Österreich Wie die große Koalition ihr Ende überlebt

Nicht nur die SPD steckt in einer Krise, auch der SPÖ ist es schon besser gegangen. Dass die brustschwache niederösterreichische Landespartei die Landtagswahl verliert, war zwar schon länger klar, das Minus von acht Prozent Anfang März übertraf aber die allerschlimmsten Befürchtungen. Dazu kommt noch, dass Kanzler und Parteichef Alfred Gusenbauer Niederösterreicher ist, ihm die Niederlage also doppelt zugerechnet wird. Niederösterreich, das Land um Wien, ist das Kerngebiet der Republik und seit 1945 fest in schwarzer Hand, doch noch nie so fest wie jetzt.

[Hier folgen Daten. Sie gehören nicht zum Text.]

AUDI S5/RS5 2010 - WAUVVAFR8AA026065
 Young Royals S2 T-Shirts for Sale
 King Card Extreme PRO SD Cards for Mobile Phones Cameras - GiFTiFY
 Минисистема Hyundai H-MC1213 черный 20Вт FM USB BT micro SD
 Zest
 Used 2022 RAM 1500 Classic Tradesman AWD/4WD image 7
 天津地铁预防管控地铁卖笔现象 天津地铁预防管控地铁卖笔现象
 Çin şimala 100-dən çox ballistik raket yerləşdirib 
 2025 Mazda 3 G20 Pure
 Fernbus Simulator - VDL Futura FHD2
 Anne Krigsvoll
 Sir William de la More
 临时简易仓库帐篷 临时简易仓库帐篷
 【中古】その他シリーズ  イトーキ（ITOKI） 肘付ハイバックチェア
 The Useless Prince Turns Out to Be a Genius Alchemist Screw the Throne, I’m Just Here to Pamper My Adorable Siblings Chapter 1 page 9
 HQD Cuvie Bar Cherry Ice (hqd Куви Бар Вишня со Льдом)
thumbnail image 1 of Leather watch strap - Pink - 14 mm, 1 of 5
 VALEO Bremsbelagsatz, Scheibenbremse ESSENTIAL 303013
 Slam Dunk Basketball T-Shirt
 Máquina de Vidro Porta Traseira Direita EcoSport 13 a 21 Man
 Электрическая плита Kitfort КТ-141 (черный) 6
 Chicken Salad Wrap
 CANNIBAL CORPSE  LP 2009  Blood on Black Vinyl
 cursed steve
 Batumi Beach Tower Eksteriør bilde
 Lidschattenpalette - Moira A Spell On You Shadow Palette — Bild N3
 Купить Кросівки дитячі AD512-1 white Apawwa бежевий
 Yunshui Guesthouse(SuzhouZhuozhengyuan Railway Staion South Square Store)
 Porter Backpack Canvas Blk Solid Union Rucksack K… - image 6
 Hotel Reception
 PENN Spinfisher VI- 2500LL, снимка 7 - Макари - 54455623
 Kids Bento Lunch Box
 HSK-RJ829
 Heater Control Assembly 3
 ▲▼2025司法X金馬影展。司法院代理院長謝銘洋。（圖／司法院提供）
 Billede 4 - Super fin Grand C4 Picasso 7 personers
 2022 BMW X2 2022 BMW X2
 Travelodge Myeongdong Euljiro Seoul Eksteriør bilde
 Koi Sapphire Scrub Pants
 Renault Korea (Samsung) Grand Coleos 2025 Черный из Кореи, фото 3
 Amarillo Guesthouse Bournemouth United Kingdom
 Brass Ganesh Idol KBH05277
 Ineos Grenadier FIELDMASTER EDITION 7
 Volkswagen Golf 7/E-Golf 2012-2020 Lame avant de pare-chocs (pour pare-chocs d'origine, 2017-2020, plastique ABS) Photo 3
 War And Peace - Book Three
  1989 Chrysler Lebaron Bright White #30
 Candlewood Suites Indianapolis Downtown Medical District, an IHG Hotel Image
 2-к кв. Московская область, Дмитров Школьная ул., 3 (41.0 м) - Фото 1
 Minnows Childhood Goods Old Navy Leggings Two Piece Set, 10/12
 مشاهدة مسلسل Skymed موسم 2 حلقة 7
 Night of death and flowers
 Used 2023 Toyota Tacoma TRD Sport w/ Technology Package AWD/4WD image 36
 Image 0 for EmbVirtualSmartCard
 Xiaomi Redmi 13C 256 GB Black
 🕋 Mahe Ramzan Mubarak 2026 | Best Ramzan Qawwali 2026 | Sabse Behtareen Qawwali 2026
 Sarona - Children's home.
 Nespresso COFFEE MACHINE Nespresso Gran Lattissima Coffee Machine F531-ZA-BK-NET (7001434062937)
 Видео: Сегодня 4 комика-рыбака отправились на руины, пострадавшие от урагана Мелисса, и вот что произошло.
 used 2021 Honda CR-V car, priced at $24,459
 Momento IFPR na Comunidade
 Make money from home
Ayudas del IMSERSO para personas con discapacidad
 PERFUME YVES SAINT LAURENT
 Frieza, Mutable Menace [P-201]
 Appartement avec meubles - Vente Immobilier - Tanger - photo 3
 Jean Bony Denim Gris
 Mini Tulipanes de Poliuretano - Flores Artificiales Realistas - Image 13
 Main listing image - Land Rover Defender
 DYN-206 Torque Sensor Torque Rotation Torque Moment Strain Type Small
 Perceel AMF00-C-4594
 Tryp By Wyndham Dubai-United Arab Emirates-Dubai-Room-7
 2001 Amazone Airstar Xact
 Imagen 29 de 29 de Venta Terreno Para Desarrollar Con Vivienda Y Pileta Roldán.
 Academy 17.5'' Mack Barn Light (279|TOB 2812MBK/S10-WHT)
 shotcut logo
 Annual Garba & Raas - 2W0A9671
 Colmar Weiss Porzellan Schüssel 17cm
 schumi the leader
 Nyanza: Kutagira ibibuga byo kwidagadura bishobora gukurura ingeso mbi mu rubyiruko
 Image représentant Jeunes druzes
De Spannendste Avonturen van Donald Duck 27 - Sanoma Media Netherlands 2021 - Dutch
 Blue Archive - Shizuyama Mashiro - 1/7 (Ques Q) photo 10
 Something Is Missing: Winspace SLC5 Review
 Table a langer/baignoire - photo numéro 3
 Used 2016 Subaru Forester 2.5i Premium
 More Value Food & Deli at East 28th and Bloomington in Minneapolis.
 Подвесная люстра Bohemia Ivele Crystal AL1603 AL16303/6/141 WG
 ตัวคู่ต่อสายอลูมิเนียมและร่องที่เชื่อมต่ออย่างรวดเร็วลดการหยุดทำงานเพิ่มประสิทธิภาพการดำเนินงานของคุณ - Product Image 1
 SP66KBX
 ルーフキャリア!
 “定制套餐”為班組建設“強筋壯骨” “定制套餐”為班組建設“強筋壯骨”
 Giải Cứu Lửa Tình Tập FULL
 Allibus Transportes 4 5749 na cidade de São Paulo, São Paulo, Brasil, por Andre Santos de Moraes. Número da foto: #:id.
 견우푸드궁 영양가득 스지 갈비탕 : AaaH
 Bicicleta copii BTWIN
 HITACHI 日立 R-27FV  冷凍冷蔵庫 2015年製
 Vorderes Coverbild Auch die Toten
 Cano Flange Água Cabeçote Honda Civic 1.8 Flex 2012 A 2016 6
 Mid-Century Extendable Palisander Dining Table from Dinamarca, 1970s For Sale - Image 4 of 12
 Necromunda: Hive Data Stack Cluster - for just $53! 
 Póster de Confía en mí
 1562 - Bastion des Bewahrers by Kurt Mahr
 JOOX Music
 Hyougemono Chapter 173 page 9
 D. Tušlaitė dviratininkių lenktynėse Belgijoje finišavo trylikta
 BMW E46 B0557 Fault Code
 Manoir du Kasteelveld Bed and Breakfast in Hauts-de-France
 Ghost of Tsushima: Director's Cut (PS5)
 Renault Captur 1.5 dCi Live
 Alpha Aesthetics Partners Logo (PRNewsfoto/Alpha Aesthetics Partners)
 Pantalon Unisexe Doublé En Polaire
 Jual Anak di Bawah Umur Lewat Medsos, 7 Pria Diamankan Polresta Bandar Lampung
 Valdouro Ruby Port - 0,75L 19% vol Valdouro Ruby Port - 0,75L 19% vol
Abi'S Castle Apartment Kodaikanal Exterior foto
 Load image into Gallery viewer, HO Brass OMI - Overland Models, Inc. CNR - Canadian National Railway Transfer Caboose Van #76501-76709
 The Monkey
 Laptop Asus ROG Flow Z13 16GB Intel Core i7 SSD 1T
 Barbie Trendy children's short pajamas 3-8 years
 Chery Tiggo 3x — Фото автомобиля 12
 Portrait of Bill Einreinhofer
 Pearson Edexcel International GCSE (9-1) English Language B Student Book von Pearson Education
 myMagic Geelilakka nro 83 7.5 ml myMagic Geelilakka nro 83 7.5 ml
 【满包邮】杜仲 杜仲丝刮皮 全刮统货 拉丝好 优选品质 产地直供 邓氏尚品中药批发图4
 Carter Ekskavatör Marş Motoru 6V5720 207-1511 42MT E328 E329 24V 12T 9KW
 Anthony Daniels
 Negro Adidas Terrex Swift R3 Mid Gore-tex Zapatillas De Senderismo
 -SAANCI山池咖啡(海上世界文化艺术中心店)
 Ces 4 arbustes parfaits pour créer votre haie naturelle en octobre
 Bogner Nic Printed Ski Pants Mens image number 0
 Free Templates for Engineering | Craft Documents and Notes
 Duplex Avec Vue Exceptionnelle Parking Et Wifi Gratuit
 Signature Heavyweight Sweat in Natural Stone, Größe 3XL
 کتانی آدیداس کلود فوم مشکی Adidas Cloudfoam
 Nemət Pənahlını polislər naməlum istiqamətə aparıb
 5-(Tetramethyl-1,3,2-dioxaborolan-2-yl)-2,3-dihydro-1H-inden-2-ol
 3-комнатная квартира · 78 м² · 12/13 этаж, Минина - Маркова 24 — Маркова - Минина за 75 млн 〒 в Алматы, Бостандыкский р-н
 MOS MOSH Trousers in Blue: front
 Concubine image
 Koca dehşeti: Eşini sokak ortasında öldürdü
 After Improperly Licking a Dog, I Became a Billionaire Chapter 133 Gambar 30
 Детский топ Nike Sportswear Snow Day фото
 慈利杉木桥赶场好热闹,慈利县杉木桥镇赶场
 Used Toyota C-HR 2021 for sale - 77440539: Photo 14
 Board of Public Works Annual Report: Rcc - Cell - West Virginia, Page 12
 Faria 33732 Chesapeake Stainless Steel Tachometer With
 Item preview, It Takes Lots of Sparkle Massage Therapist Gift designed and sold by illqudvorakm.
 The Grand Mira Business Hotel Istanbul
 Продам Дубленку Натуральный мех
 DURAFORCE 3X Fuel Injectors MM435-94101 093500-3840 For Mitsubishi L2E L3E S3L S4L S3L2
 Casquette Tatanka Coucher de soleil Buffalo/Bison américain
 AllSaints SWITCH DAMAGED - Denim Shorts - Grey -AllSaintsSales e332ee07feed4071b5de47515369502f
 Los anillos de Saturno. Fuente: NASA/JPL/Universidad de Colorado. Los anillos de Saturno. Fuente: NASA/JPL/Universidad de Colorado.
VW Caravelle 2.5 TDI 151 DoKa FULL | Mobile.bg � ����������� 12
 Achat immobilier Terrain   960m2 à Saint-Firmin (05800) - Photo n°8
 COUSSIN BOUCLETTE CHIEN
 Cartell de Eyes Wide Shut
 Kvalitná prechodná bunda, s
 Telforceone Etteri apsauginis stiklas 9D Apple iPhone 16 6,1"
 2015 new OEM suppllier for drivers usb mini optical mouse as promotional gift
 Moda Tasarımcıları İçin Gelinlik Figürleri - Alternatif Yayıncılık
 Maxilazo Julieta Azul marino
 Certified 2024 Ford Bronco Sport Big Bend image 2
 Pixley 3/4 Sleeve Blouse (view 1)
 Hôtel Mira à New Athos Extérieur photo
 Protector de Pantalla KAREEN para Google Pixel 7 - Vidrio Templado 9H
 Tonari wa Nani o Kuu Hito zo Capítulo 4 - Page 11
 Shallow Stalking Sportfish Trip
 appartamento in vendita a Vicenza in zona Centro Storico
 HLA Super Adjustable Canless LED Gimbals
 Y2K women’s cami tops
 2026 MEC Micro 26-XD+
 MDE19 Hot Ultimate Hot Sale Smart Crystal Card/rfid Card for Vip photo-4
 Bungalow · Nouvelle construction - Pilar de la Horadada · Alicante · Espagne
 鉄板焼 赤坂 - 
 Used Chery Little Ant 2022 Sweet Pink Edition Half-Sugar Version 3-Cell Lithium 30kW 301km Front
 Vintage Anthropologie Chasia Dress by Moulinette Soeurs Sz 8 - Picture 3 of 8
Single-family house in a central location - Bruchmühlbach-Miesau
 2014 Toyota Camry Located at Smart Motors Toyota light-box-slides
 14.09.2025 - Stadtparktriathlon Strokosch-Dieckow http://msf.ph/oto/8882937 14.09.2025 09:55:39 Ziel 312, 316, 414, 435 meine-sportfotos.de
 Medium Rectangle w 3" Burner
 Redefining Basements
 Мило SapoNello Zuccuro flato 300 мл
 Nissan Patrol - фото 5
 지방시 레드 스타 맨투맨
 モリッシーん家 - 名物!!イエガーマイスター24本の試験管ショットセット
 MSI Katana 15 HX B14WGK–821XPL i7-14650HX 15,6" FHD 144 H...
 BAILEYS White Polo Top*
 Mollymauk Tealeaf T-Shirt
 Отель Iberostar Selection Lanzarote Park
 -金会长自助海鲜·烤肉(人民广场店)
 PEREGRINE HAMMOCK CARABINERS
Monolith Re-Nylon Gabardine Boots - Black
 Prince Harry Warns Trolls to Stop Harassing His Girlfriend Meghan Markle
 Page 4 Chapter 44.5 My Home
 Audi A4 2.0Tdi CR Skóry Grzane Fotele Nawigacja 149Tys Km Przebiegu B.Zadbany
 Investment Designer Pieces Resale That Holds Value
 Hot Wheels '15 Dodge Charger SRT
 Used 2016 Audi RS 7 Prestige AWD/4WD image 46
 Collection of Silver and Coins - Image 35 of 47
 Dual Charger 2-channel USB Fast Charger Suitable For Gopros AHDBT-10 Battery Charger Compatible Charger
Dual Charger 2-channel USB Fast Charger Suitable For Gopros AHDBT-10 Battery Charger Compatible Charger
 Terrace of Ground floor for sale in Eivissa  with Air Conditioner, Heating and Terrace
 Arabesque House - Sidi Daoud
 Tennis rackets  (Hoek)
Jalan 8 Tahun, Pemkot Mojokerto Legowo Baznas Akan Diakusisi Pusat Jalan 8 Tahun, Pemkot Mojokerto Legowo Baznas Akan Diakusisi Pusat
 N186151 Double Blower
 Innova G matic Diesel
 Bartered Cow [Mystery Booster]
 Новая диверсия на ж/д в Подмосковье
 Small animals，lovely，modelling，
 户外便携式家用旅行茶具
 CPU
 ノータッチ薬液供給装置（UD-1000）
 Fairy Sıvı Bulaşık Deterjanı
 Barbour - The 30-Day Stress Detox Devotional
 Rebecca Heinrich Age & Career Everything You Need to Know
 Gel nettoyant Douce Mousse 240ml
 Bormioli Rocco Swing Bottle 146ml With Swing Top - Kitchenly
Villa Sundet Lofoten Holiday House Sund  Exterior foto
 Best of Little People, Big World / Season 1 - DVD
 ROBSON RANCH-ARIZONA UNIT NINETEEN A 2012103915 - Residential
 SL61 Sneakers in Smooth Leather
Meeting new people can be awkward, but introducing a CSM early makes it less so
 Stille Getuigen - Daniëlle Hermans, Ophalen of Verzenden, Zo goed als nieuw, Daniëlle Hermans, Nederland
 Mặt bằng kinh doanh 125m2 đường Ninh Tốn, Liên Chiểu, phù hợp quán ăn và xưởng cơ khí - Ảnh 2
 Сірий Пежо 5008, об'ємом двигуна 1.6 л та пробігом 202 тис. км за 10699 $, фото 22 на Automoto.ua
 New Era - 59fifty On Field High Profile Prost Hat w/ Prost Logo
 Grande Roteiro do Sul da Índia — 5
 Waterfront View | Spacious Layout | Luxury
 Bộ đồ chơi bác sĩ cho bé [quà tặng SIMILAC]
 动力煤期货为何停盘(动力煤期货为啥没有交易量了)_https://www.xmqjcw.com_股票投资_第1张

Dabei ist der seit 1992 in St. Pölten regierende Landeshauptmann Erwin Pröll schon ein Sonderfall. Er dürfte sich selbst nicht ganz geheuer sein, auf jeden Fall spricht er auffällig oft von sich in dritter Person. "Der Erwin Pröll lässt sich das nicht gefallen" - "da werden sie den Erwin Pröll aber kennen lernen". Selbst nach dem Hochwasser im August 2002 hieß es: "Der Erwin Pröll wird euch helfen!" Die Leidtragenden entschädigte das Land so großzügig, dass sogleich jedwede Kritik an ungenügenden Sicherungsvorkehrungen verstummte. Man konnte es sich leisten, die Katastrophenfonds waren prall gefüllt.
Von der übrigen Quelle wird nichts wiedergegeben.